§ **Brief descriptive captions**
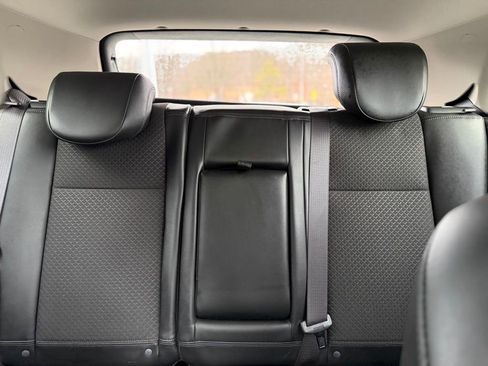 Used 2019 Buick Encore Preferred image 19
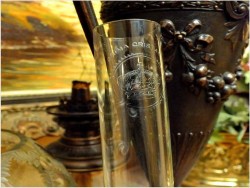 6cc36e3ab813502c99f182bfcc8bf9d8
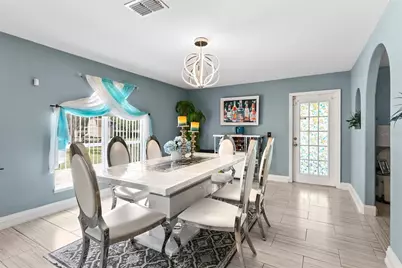 132 Vista View Avenue, Eagle Lake, FL 33839 - Photo 13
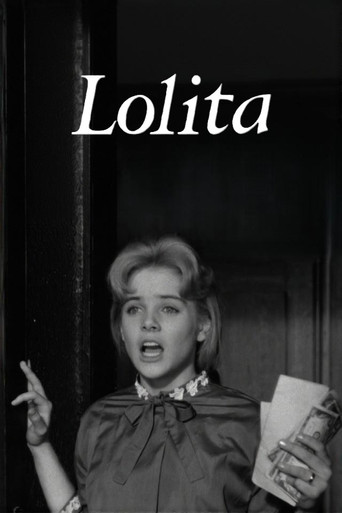 Lolita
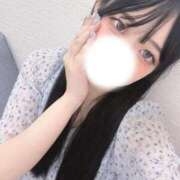 ヒメ日記 2025/08/16 00:13 投稿 あかり デザインプリズム新宿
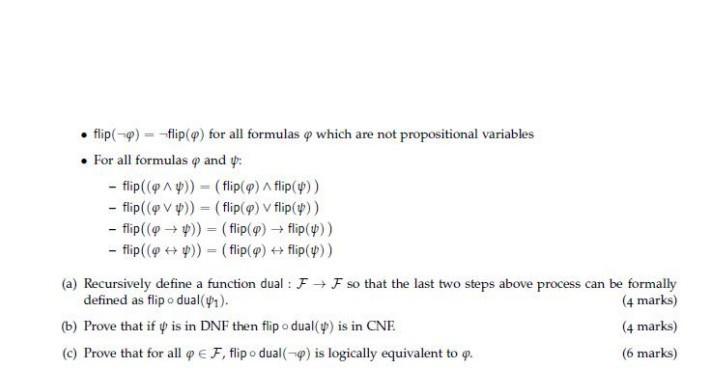 Please Provide Detailed Solution With Explanation Chegg Com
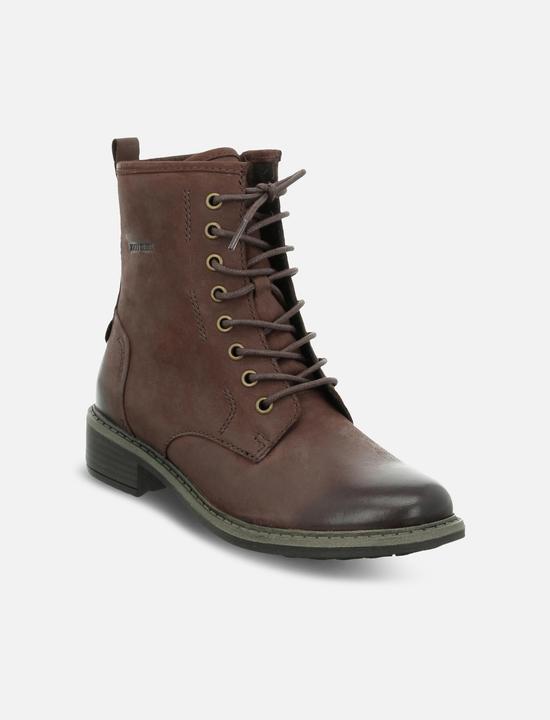 Produktbild Josef Seibel 97406-VL904 (42)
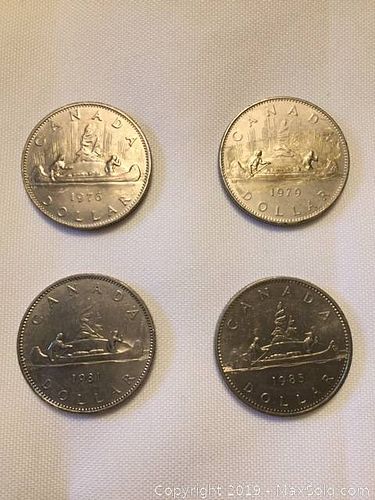 Lot #0040 (1 of 2)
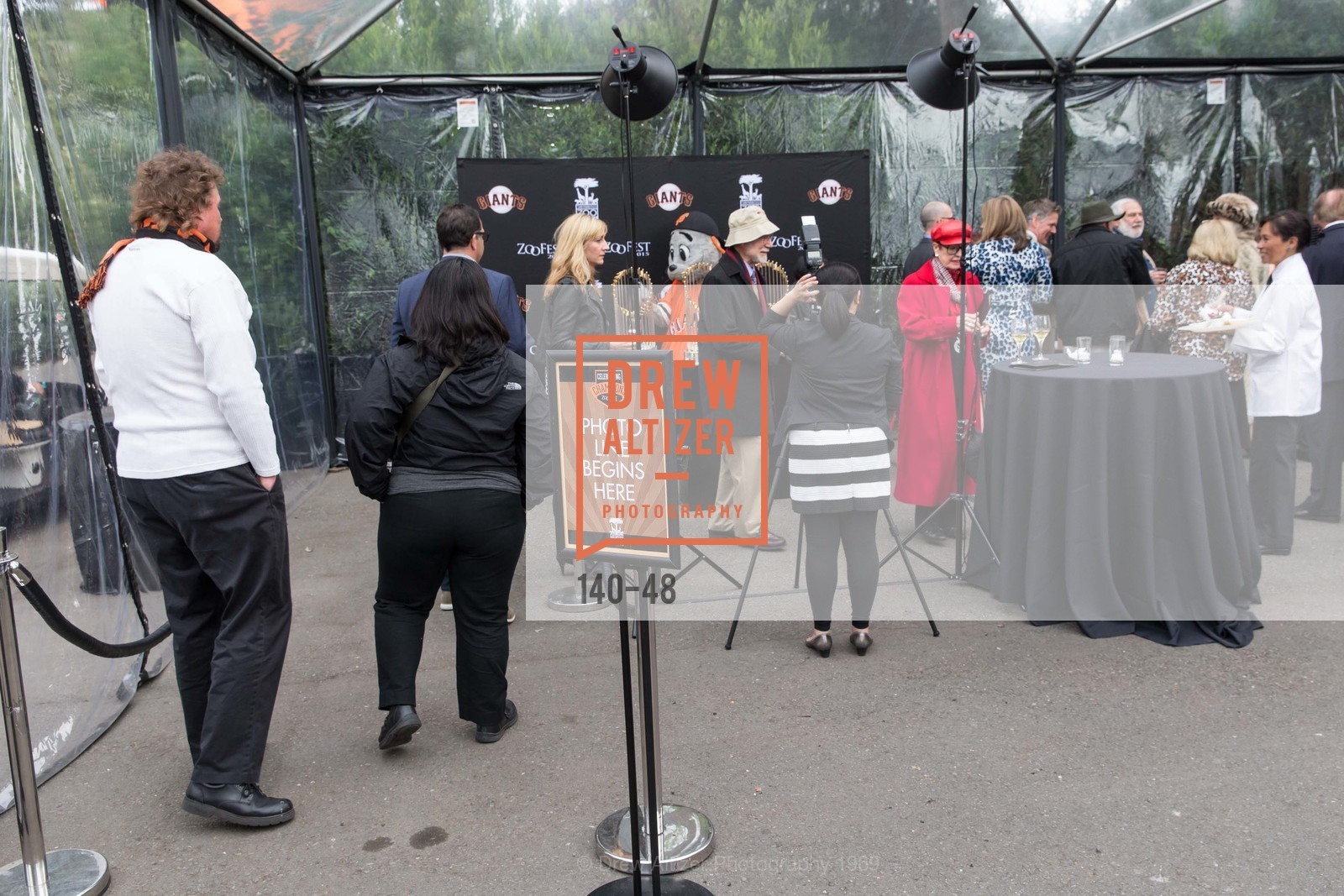Extras, San Francisco Zoo Presents ZooFest 2015 Celebrating Champions, April 24th, 2015, Photo,Drew Altizer, Drew Altizer Photography, full-service agency, private events, San Francisco photographer, photographer california
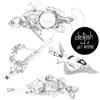 Idiot Fish Live at Art Boutiki (feat. Paul Hanson, Hristo Vitchev & Dan Robbins) album lyrics, reviews, download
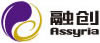 融创中国控股有限公司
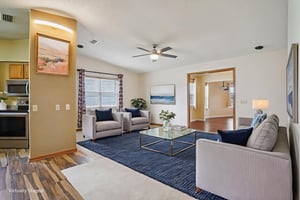 W Schwartz Blvd-S2102-022 virtually staged.jpeg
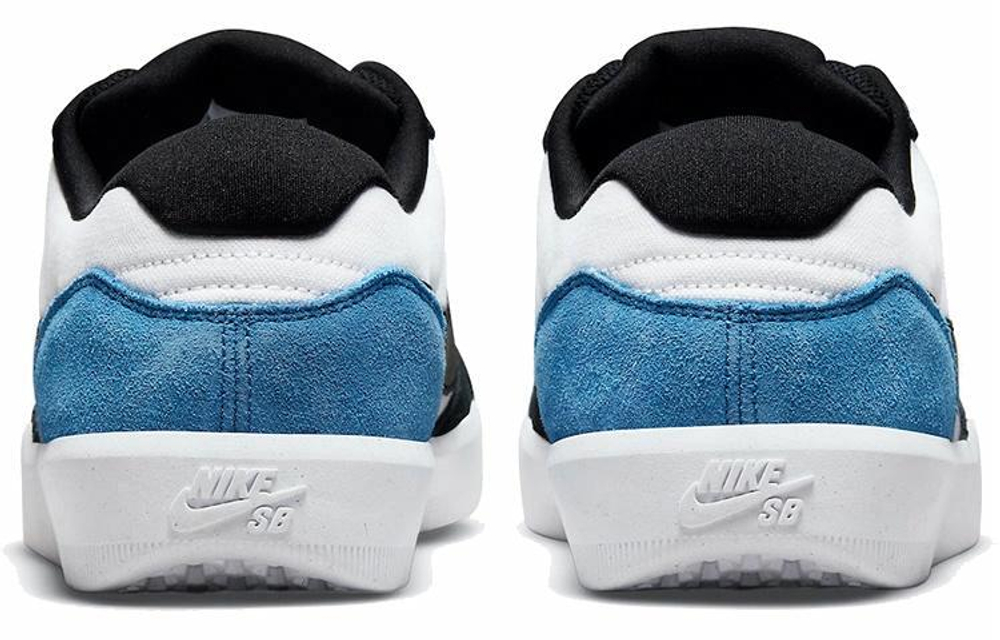 Кроссовки Nike Sb Force 58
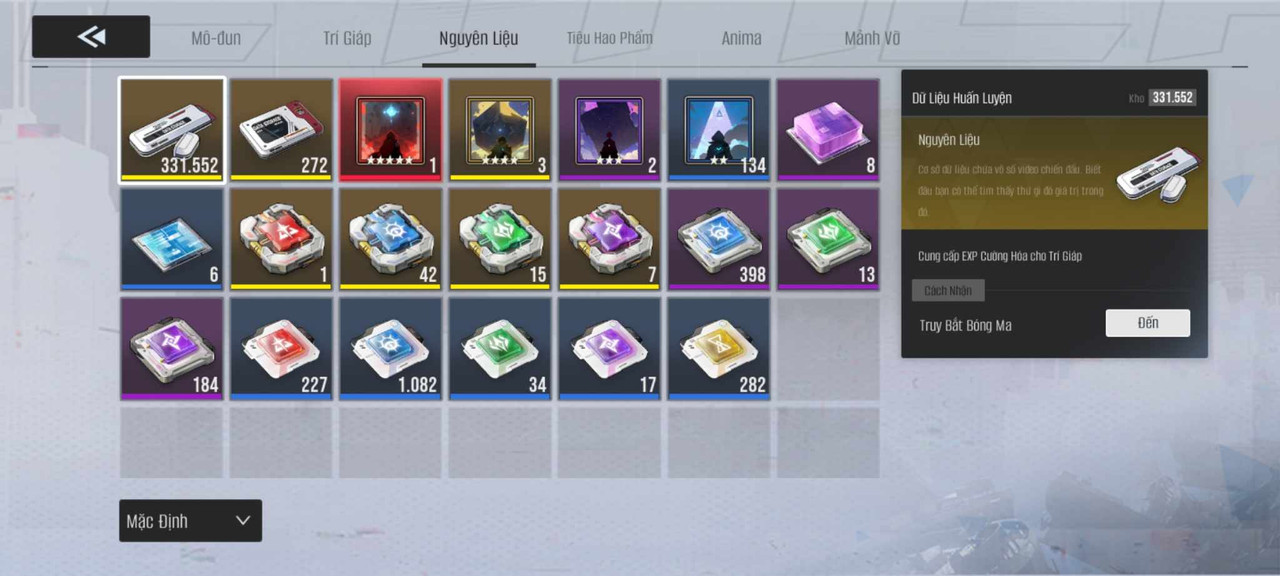 8305f0b9-bebc-44c6-a556-a2fddc89dbaa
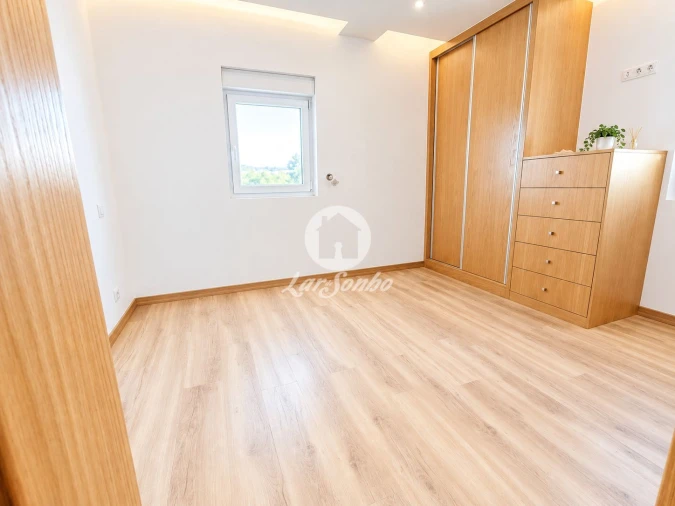 Apartamento T3 para Venda em Apúlia e Fão Foto 4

§ **Required action**
Among the entries above, find the line with "Please Provide Detailed" and repeat exactly from there through the line with "Extras, San Francisco", leaving out the pictures.

§ **Solution**
 Please Provide Detailed Solution With Explanation Chegg Com
 Produktbild Josef Seibel 97406-VL904 (42)
 Lot #0040 (1 of 2)
Extras, San Francisco Zoo Presents ZooFest 2015 Celebrating Champions, April 24th, 2015, Photo,Drew Altizer, Drew Altizer Photography, full-service agency, private events, San Francisco photographer, photographer california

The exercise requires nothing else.